だから長くても半日は持たないよう作られている。
「だが竜を王宮へ誘き寄せた者がいるのは確実だ」
王太子はため息をついた。
「目的は夜会か? 混乱させるためか? ……しかし竜を使うなど」
「あの場には王都にいるほとんどの貴族がいた。もしも竜が暴れていたら大惨事になっていたかもしれないな」
第二王子が言った。
「そうですね。竜は臆病で神経質な魔物です。大声や悲鳴を上げた相手を襲う可能性は高いですから」
「つまり、庭で竜を見た者が騒ぐと暴れるということか」
「……その誘引薬の匂いがしたのは噴水の所だったと言ったね」
王太子は私を見た。
「はい」
「夜会の時にいつもその場所にいるのは警備担当者か……ドリスくらいだな」
そう言って王太子はドリス様を見た。
(そういえば、いつも息抜きに噴水の所に行くって……)
え、それってまさか……。
「狙われたのは私ということかしら」
ドリス様が呟いた。
「まさかアグレル侯爵家が……」
「そこまで推測するのは早いな」
王子二人の顔が険しくなる。
え、どうしてドリス様が狙われるの!?
「うちのシェルマン公爵家と仲が悪い家があるの」
疑問が顔に出ていたのか、ドリス様が私を見て言った。
「権力争いというやつね。私が王太子妃になることに反対しているの」
「私が望むのはドリスだけだかな」
ドリス様の肩を抱いて王太子が言った。
きゃー、仲良し!
「……では、その何とか侯爵家がドリス様を狙って赤竜を誘き寄せたと?」
「その可能性があるということだ。……父上に報告しないとならないな。ドリスの警備も強化しないと」
そうか、また襲われる可能性があるのね。
「レベッカ嬢、重ねて今回のこと感謝する」
王太子が頭を下げた。
「いえ、何事もなくて良かったです。
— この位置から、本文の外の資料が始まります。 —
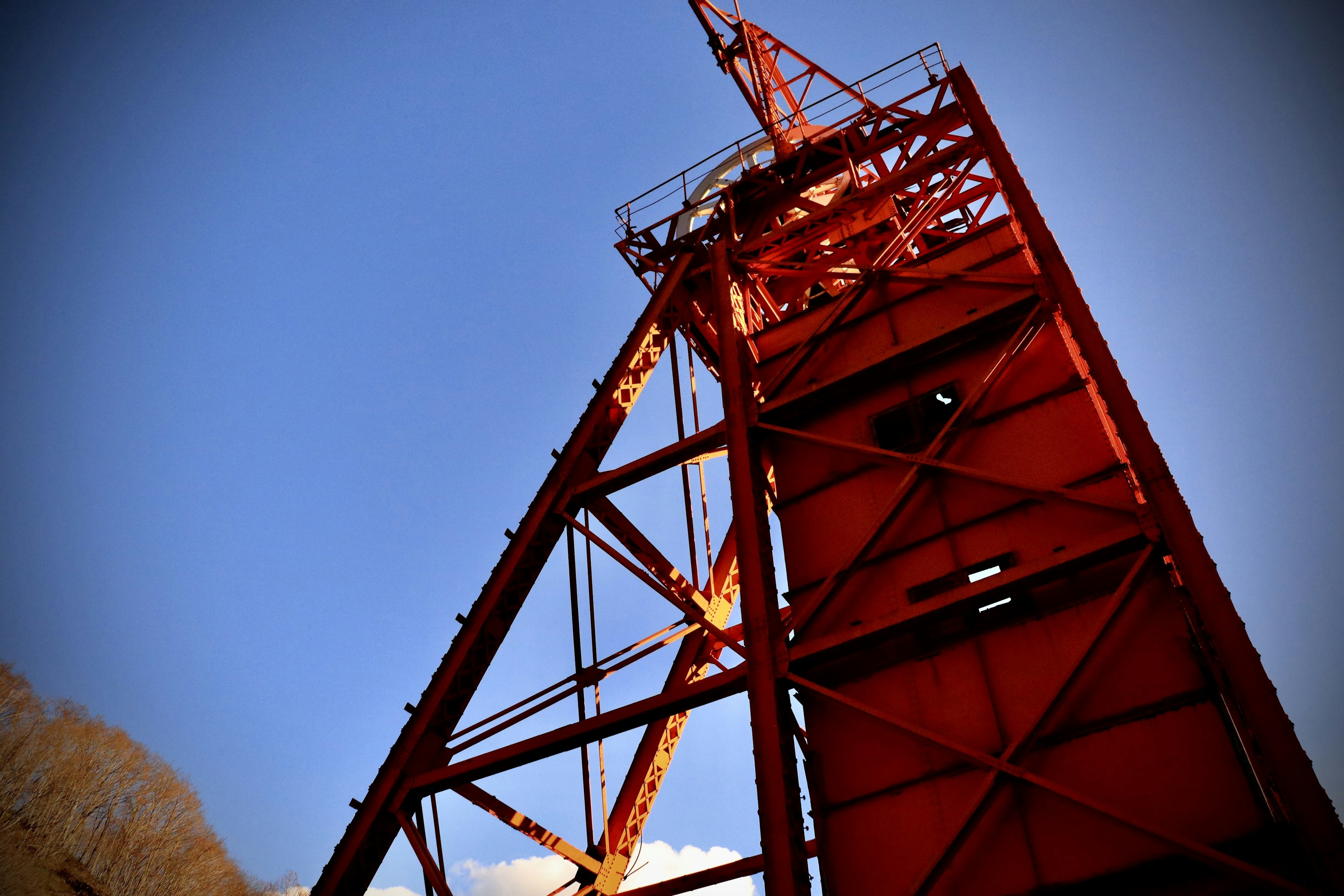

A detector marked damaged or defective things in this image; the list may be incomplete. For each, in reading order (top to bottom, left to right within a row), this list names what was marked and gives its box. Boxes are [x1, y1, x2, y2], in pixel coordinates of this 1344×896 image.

rusty metal surface [309, 4, 1338, 892]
魔術師としてまた手伝えることがあればおっしゃってください」
魔物を使って人を襲わせるなんて許せないもの。
「……ねえ、もしも竜を倒したのがレベッカさんだと知られたら、レベッカさんの身も危ないんじゃないかしら」
ドリス様が言った。
「私ですか?」
「そうだな」
王太子が頷く。
「私は大丈夫です、自分の身は守れますから」
「それは魔術師としてだろう。政治的な立場は弱いはずだ」
「それは……」
確かに、うちは伯爵家の中でも領地の大きさや地位は平均より下の方だと聞いている。
私も三ヶ月前まで庶民、しかも他国にいたからこの国のことはほとんど知らない。
「レベッカ嬢も警備を増やして……だがそれだと逆に怪しまれるな。魔術師であることは極力知られない方がいい」
「そうだわ」
ぶつぶつ言っている王太子の隣で、何か思いついたのかドリス様が顔を輝かせた。
「レベッカさんをルーカスの婚約者にするのは?」
「は?」
私と第二王子は同時に声を上げた。